Colochita—whose legal name is Maria Isabel Guevarra—has been staying at home with two of her grandchildren, who are five and seven years old. When she answered the phone on Tuesday, the din of their cartoons and chatter was audible in the background. I asked her how she was doing, and she immediately blurted, “I’m okay, but we can’t go out to sell.”

Colochita started selling less often about three weeks ago, she says, already fearing the virus she kept hearing people talk about. The last time she tried to go out was Friday, and she sold almost nothing. “After that I stayed in, because I’m risking my life,” she says.

On Friday, Colochita will owe money on a loan. She doesn’t have it. Her daughter, who is employed by a cleaning company, is still going out to jobs, but the relief of her income is eclipsed by worry that she’ll catch the virus and bring it home.

“I have all my bills left to pay. We are screwed. We will see what I do,” Colochita says. “We have to ask God, because he’s the only one with the solution. We have to ask him to stop this disease so that everyone can go back to work. Let’s see what my God says.”

She is quiet for several moments. “I don’t know what to do,” she says. “I don’t know what to do.”

Milca Ariza-Ramos, a 42-year-old street vendor who sells tamales and atol de elote in Petworth, says she’s in a similar spot.

This week, she dipped into her emergency savings and used $80 to buy groceries, she says.
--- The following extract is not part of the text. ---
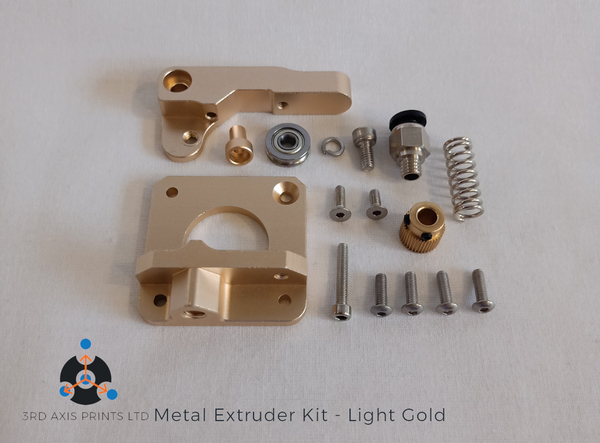 3D Printer Metal Extruder Kit NZ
She’s been trying to go through the food slowly, to make it last and stretch her resources. She still has a little bit more money saved, she says, but it won’t last long.

“The truth is that this is difficult for us, the vendors,” she says. “Being without work is difficult, even though one always tries to act strong. You do it for your kids so they don’t see you so sad.”

Ariza-Ramos hasn’t been out to sell since March 14, she says. The day before, she’d gone to Walmart to buy mangoes to sell in the afternoon, anticipating sunny weather. She found the place jam packed with people buying so much food and supplies, she started to worry that she’d missed the notice of a snow storm.

It wasn’t until later that she understood it was because of the virus, she says. Her last day out, she sold less than half of her wares, which was when she really started to worry.

Now, she’s relying on some extra money she can earn sewing and repairing people’s clothing, but it isn’t enough to live off of.

She’s not sure what will happen if too many weeks pass without work, but she says there’s no use panicking—she’s taking each day as it comes.

“I’m just hoping to God,” Ariza-Ramos says. “I have faith in God.”